Mr Cameron's task on Wednesday is to convince party they can win
Talk of a snap general election tends to concentrate politicians' mind - and that is exactly what has happened to the Conservatives in Blackpool.
They have been forced to jab the fast forward button on what has been - by their own admission - a rather leisurely policy review process.
David Cameron had been expecting at least four years to come up with a convincing and distinctive set of policies to present to voters on polling day. Now it seems he may have less than four weeks.
Even if, as seems increasingly unlikely - the current bout of election fever is a cunning double bluff by Gordon Brown to put the wind up the opposition and flush out a few more policy ideas he can later steal - the prime minister may have done the Conservatives a favour.
Party activists - and more importantly voters - will come away from this week with a much clearer idea of what Cameron's Britain might actually feel like.
Policy chief Oliver Letwin even claims to have ironed out the apparent contradictions in the party's policy review group recommendations (do they want more airports or fewer? Tough new regulations on the environment or a cut in red tape?).
The announcements on raising the inheritance tax threshold has gained the party some favourable headlines - it is seen as being the sort of stuff that will go down extremely well with voters in Middle England (and with the current dash towards the so-called centre ground you would be forgiven for thinking these are the only voters that mattered).
Liam Fox's attack on Mr Brown's "cynical" visit to Iraq also went over well in the hall - just the sort of all-out attack on Labour the Tories are going to need in the run up to polling day.
There is no room for consensual politics and working with the opposition when there's an election on.
Not everyone is quite with the programme yet. Shadow chief secretary to the Treasury, Philip Hammond, was rather too candid about the problems facing the party at a fringe meeting on Monday evening.
The public still did not trust the Tories to run the economy or the public services, he said. He was comparing the party to Labour in 1997 - and warning against making rash "unfunded" spending pledges.

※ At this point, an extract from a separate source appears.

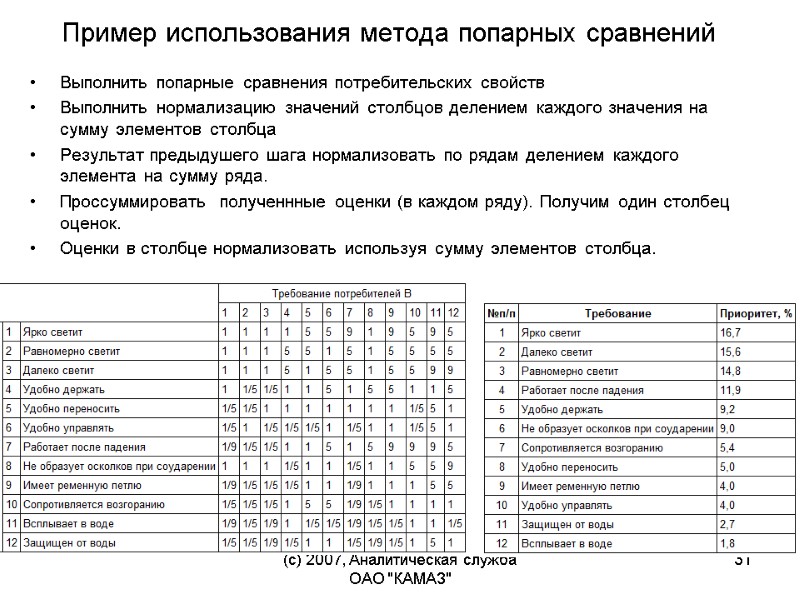 Пример использования метода попарных сравнений Выполнить попарные сравнения потребительских свойств Выполнить нормализацию значений столбцов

But asked if he thought four weeks was enough time to turn things around, he said: "Well I think we have started."
At another fringe meeting on Monday, activists were shown research suggesting voters are ready for a change - but they do not think the Conservatives have changed enough to deliver it.
David Willetts pointed out that Gordon Brown's honeymoon period can not last forever, but he also acknowledged time is a luxury the party cannot afford.
There was a sense at the start of the week that the Conservatives were a little shellshocked.
That followed last week's smash and grab raid on their policies by Gordon Brown - on everything from immigration ("British jobs for British workers") to have-a-go-heroes.
It was so thorough and efficient they might as well have sent every Tory a postcard with "congratulations, you have just been mugged by The Labour Party" on it.
But the party appears to have recovered its composure and seems up for a fight.
Tory members you speak to would still prefer to believe that Mr Brown will lose his nerve and delay an election until May.
While they are only too keen to get stuck into an election battle, many would rather not contemplate it coming next month with opinion polls suggesting they would lose.
David Cameron's job on Wednesday will be to convince them that they can beat Labour - whether Gordon Brown goes for an election now or decides to wait.